Sara Thomsen, in “Water is Life” (Mni Wičoni) sings “We are the river … we are one.”
“This song is inspired by and in tribute to the Standing Rock Sioux Tribe and all tribes, nations, native and non-native people coming together to protect the land and water threatened by the construction of the Dakota Access Pipeline. The song came to me on my return from Standing Rock. That morning before leaving, a meadowlark was singing right outside my tent. ‘Be a lark from the meadow. Be a lark from this meadow,’ I heard it sing. We, too, can be larks from the meadow. We, too can sing in the new day.”
I share this song in solidarity with the water protectors at Standing Rock and around the globe. Resistance against oil and natural gas pipelines typifies ecological living in the 21st Century. Between 2017 and 2020 the Mariner East 2 pipeline, here in Pennsylvania, has had 320 spills, releasing 260,000 gallons of drilling fluid into PA waterways much of which into Marsh Creek State Park. That is one small pipeline in one small state in the US. Global industries are destroying your soil and water too. You need that soil to eat and that water to drink.

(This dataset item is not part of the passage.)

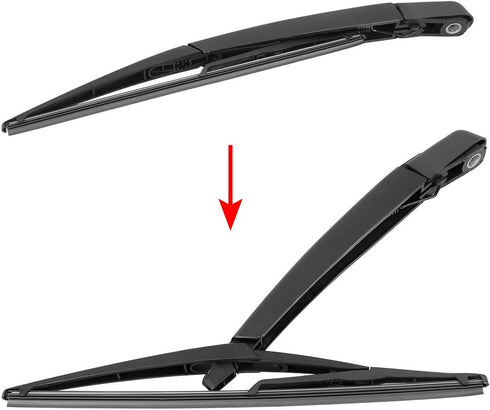 X AUTOHAUX Rear Windshield Wiper Blade Arm Set 305mm 12 Inch for Mercedes-Benz X166 GL Class GLS Class 2012-2017 a 164 820 08 44...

What does it mean to have preserved land, in the case of Marsh Creek State Park, land that is shared by people of this commonwealth, that is ruined by global industries interested in pipeline construction? Eminent domain is used by natural gas projects to steal private land. What does this mean for property ownership in Pennsylvania and throughout the US? Global natural gas interests stand legally, in many cases, above local law. If communities cannot democratically resist these destructive capitalist forces, what are we to do?
We resist!
And we resist however we are able. In small ways and large. Persistent as gadflies. We do so for our, and our Mother Earth's, survival. Too often we look elsewhere, and ignore the problems here, where we stand. No longer. As a music teacher I cannot ignore the 18 cities in Pennsylvania with higher lead levels than Flint, Michigan. I refuse to ignore the oppression of our 100 PA schools with lead in the drinking water. As music teachers, musicians, community members, and people living on the soil—indigenous and non-indigenous—we resist the global industries that pollute our Mother Earth. We do this at all levels, but primarily locally, since global industry has taken over global structures. There is currently no viable globalism. To hope for global powers to fix this problem, which they put the peoples of earth into, is to place one’s hope in a fairytale. Real people in real places are resisting in real ways. Join us.